- Country: India
- State: Bihar
- Region: Mithila
- Largest city: Purnia
- Divisions: Kosi and Purnia

Languages
- • Official: Hindi
- • Additional official: Urdu
- • Regional: Maithili (including Thēthi and Angika), Surjapuri, Bengali
- Time zone: UTC+5:30 (IST)
- Major highways: NH 27, NH 31, NH 231, NH 131A, NH 131
- Major Railway Lines: Barauni-Katihar, Saharsa and Purnia sections Barauni-Guwahati line

= Kosi-Seemanchal =

Region of Bihar, India

Kosi-Seemanchal is in the Northeastern part of Bihar. It is a subregion within the larger cultural region of Mithila.It consists of Kosi and Purnia divisions. It has seven districts — Araria, Madhepura, Saharsa, Supaul, Purnea, Kishanganj and Katihar. Supaul, Saharsa and Madhepura in Kosi Region and Purnia, Katihar, Araria and Kishanganj in seemanchal region.

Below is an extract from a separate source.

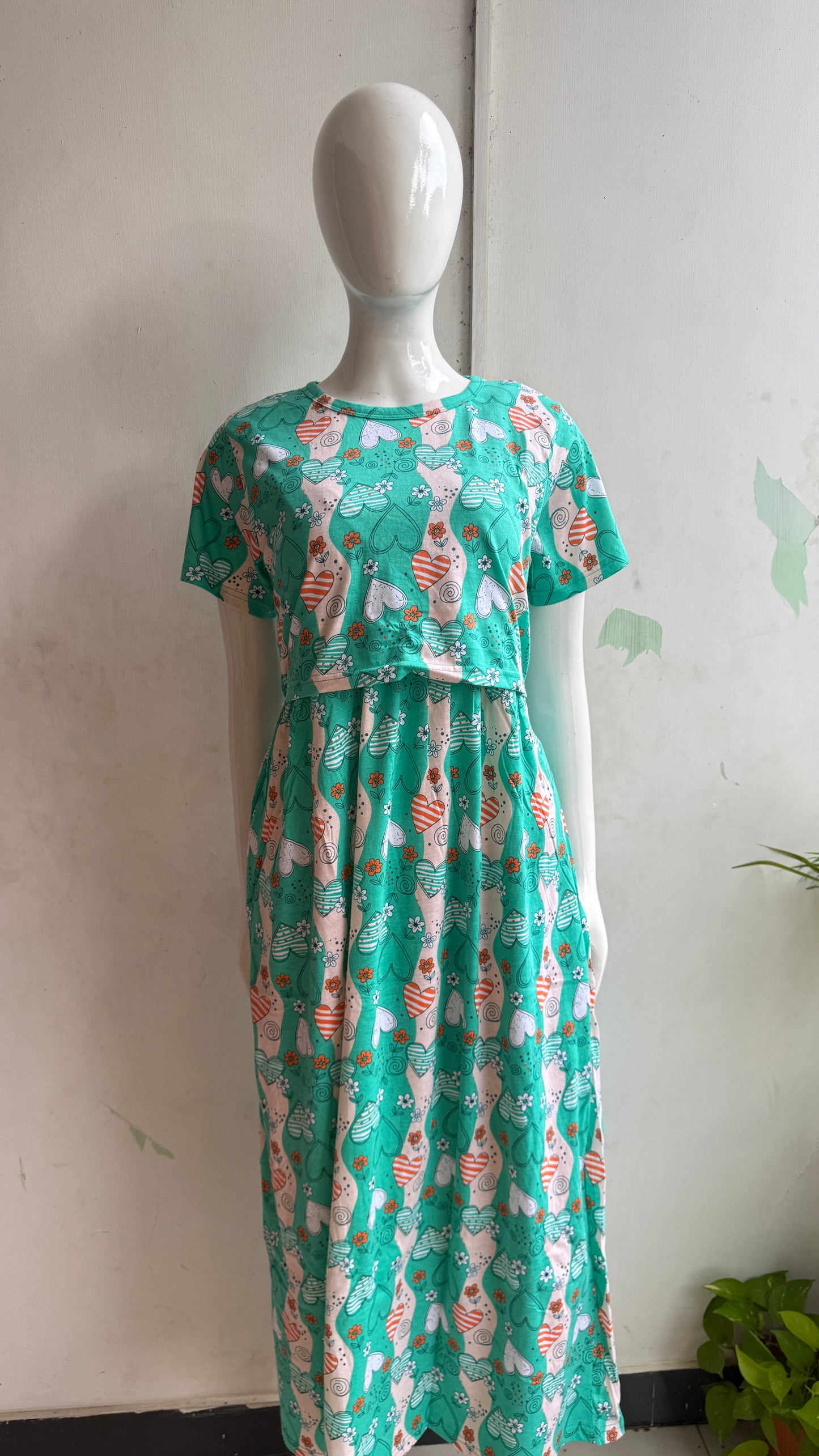 Feeding zipless frock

Cities in Kosi–Seemanchal subregion with population over 1 lakh (Census 2011)
| Rank | City/Town | District | Population (2011) | Remarks |
|---|---|---|---|---|
| 1 | Purnia (UA) | Purnia | 312,669 | Urban Agglomeration |
| 2 | Katihar (UA) | Katihar | 240,838 | Urban Agglomeration |
| 3 | Saharsa | Saharsa | 156,540 | Municipality |
| 4 | Kishanganj | Kishanganj | 105,782 | Nagar Parishad |

==Name==

The name of the Kosi division comes from the Kosi River which flows through the region. On the other hand, Seemanchal (border area) is a colloquial alternate term for Purnia division owing to its close proximity with the Bangladesh–India border, although the state of Bihar itself does not share any international borders with Bangladesh. The term gained popularity after the veteran RJD leader Mohammed Taslimuddin first proposed the creation of a separate Seemanchal state in 1992, during a period when he was a Member of Parliament representing Purnia on a Janata Dal ticket. The proposal included the districts of Kishanganj, Purnia, Araria, Katihar, and sometimes Bhagalpur, and Khagaria. The demand was based on Seemanchal’s distinct demography (high Muslim population) and overall socioeconomic backwardness of the region.